Tenere sotto controllo la ticchiolatura è possibile, poiché colpisce sia i pereti europei che quelli asiatici. Un programma annuale di prevenzione e un’attenta gestione possono ridurre al minimo i danni derivanti da questa comune malattia fungina.

Sintomi della crosta di pera

Le malattie della ticchiolatura colpiscono molti alberi da frutto come meli e pereti. Si tratta principalmente di un problema estetico che interessa i frutti, ma può causare anche caduta delle foglie e morte dei rami. I sintomi della ticchiolatura del pero si manifestano sulle giovani parti in crescita, foglie e frutti. Alcuni suggerimenti su come trattare questa malattia possono permetterti di ottenere frutti privi di imperfezioni e mantenere il resto dell’albero in buona salute.

I primi segni della ticchiolatura sui frutti di pero sono macchie rotonde e vellutate, di colore che varia dal verde oliva al nero. Il velluto scompare e le lesioni maturano diventando coriacee. I frutti infetti risultano rachitici o malformati. Sui rametti, le nuove gemme mostrano macchie vellutate che poi si trasformano in cancri duri.

Le foglie sviluppano lesioni irregolari, spesso ai margini o lungo le nervature. Le lesioni svernano e nella successiva stagione vegetativa producono conidi che rilasciano spore durante periodi caldi e umidi, riavviando così il ciclo della malattia. Le lesioni della ticchiolatura possono svilupparsi in soli 8 giorni dopo l’esposizione sui giovani tessuti vegetali, mentre su foglie e rami più vecchi possono impiegare mesi prima di manifestare sintomi.
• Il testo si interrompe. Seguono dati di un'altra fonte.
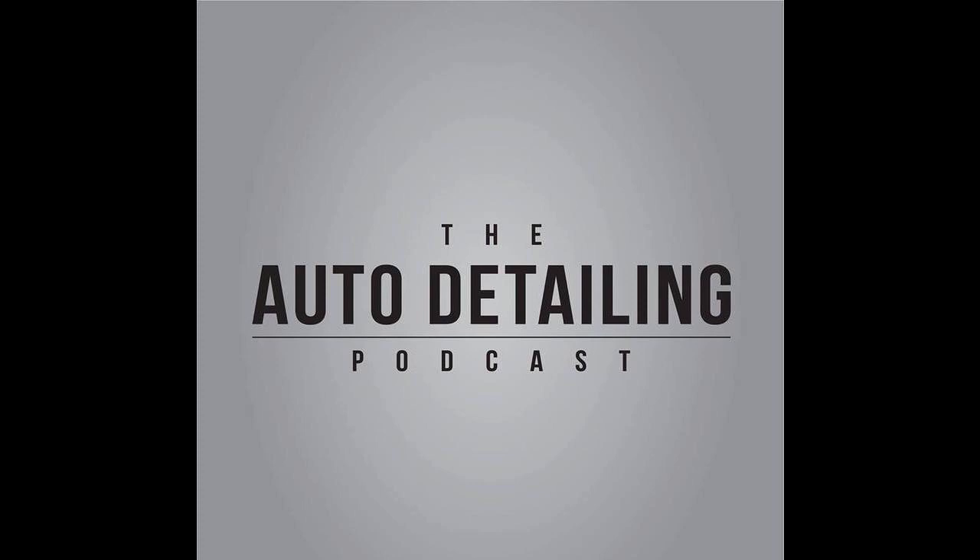Thanks for listening to another episode of the Auto Detailing Podcast. Head on over to autodetailingpodcast.com to read our full show notes, blog posts, updates, and even sign up for our newsletter so you can be the first to hear about the latest and greatest in all things auto detailing. Don't forget — if you leave us a rating and review on iTunes, it'll help us reach other auto detailers just like you, and you may even get a shout-out at the top of a future episode. Thanks for listening — we'll see you on the next episode.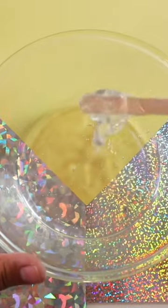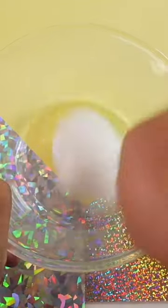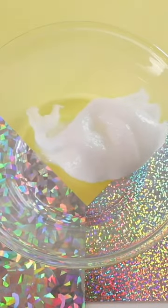All you have to do after that is activate the slime using a borax activator solution, or you can also use contact lens solution and baking soda. Each method works the same — just add it in a little bit at a time, stirring after every addition, until it starts to congeal together. Then take it out and knead it with your hands until it is no longer sticky.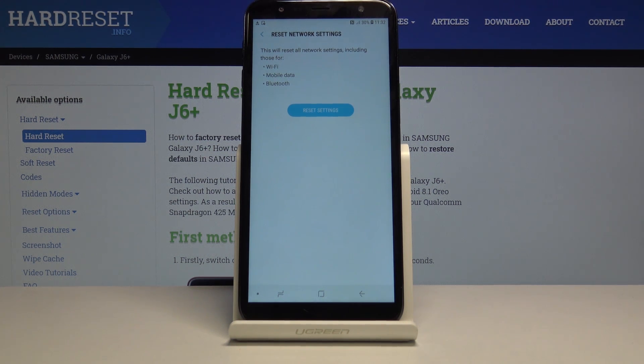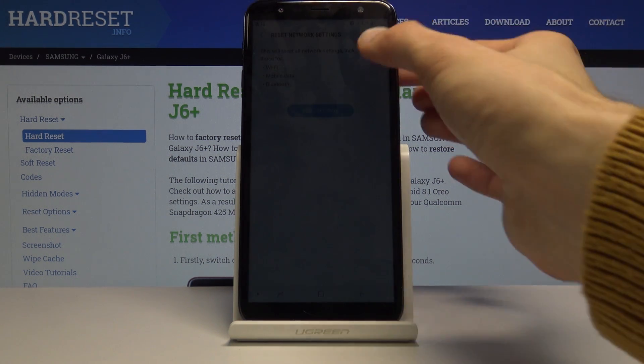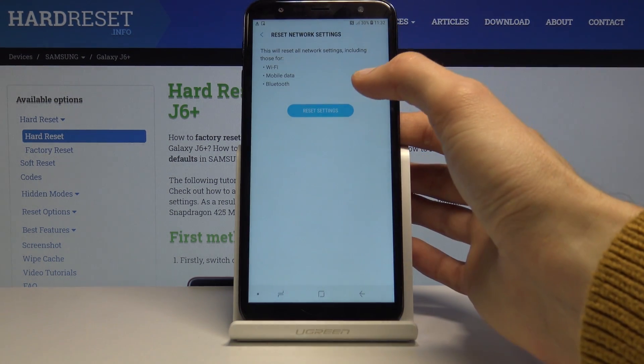Mobile data automatically reconnects, and that's kind of how it works. But for Wi-Fi you will need to reinsert passwords for your Wi-Fi networks, and for Bluetooth reconnect all your devices that you might have had connected.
Come trattare la crosta della pera in modo naturale

Controllare la ticchiolatura del pero senza l’utilizzo di sostanze chimiche richiede molta attenzione. Poiché l’inoculo risiede nel materiale vegetale malato, raccogliere e rimuovere le foglie cadute in autunno può aiutare a prevenirne la diffusione.

Anche l’eliminazione dei tessuti infetti può offrire qualche vantaggio. I frutti spesso si infettano ampiamente durante la conservazione. È quindi fondamentale prestare la massima attenzione durante la raccolta per scartare qualsiasi frutto che presenti anche la più piccola lesione.
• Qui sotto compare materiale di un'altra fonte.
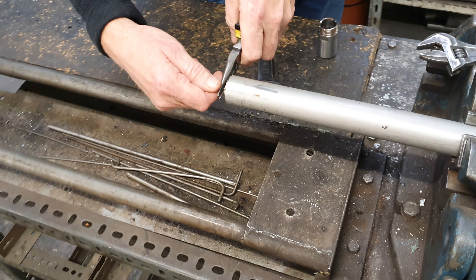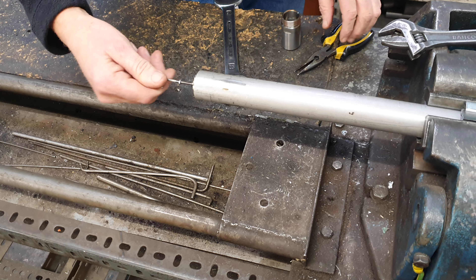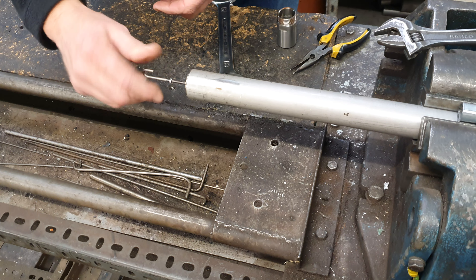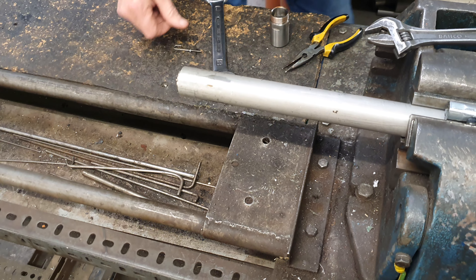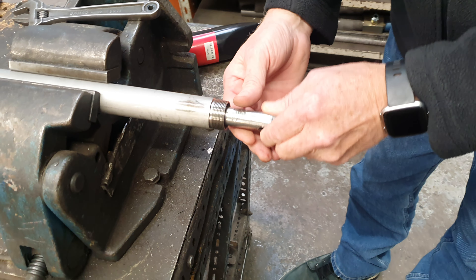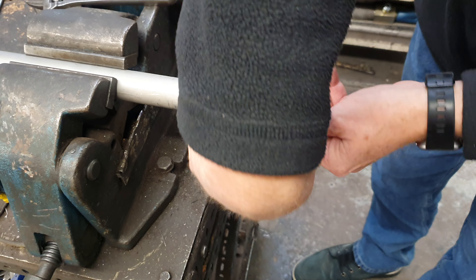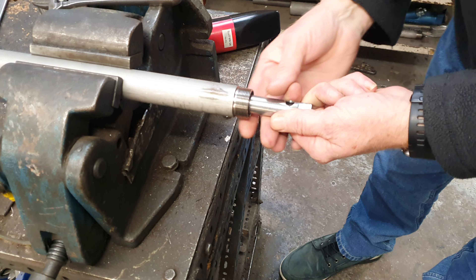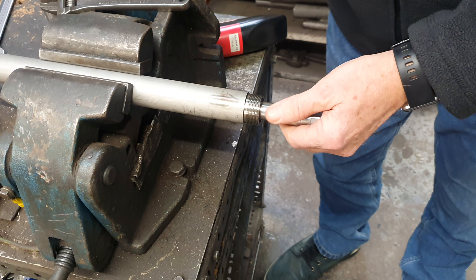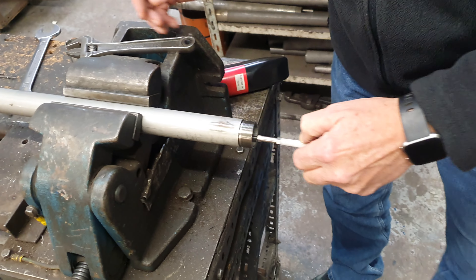Next, remove the electrode assembly. Get a box spanner onto the nylon insulator. You can push the electrode from the front to pull it out the back.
Se anche uno solo infetto entra in un contenitore di stoccaggio, potrebbe contaminare l’intero raccolto. Pratiche di igiene scrupolose e un’accurata manutenzione sono le uniche misure efficaci per il controllo della ticchiolatura senza ricorrere a trattamenti chimici.

Controllo della ticchiolatura della pera con spray

Gli spray fungicidi devono essere applicati da 2 a 5 volte durante la stagione di crescita, il numero dipende dalle condizioni climatiche della zona in cui cresce l’albero. L’irrorazione più importante va effettuata nel momento in cui i fiori iniziano a schiudersi, quando sono ancora in boccio.

Questa è solitamente seguita a intervalli di 10-14 giorni da successive applicazioni per eliminare tutte le spore fungine. Trattamenti con poltiglia bordolese nella fase di riposo vegetativo (di norma tra febbraio e metà marzo) possono aiutare a prevenire l’attivazione delle spore.

La combinazione di metodi chimici e naturali rappresenta l’approccio migliore per tenere sotto controllo la ticchiolatura del pero nelle regioni con clima caldo e umido durante la fioritura e la maturazione dei frutti.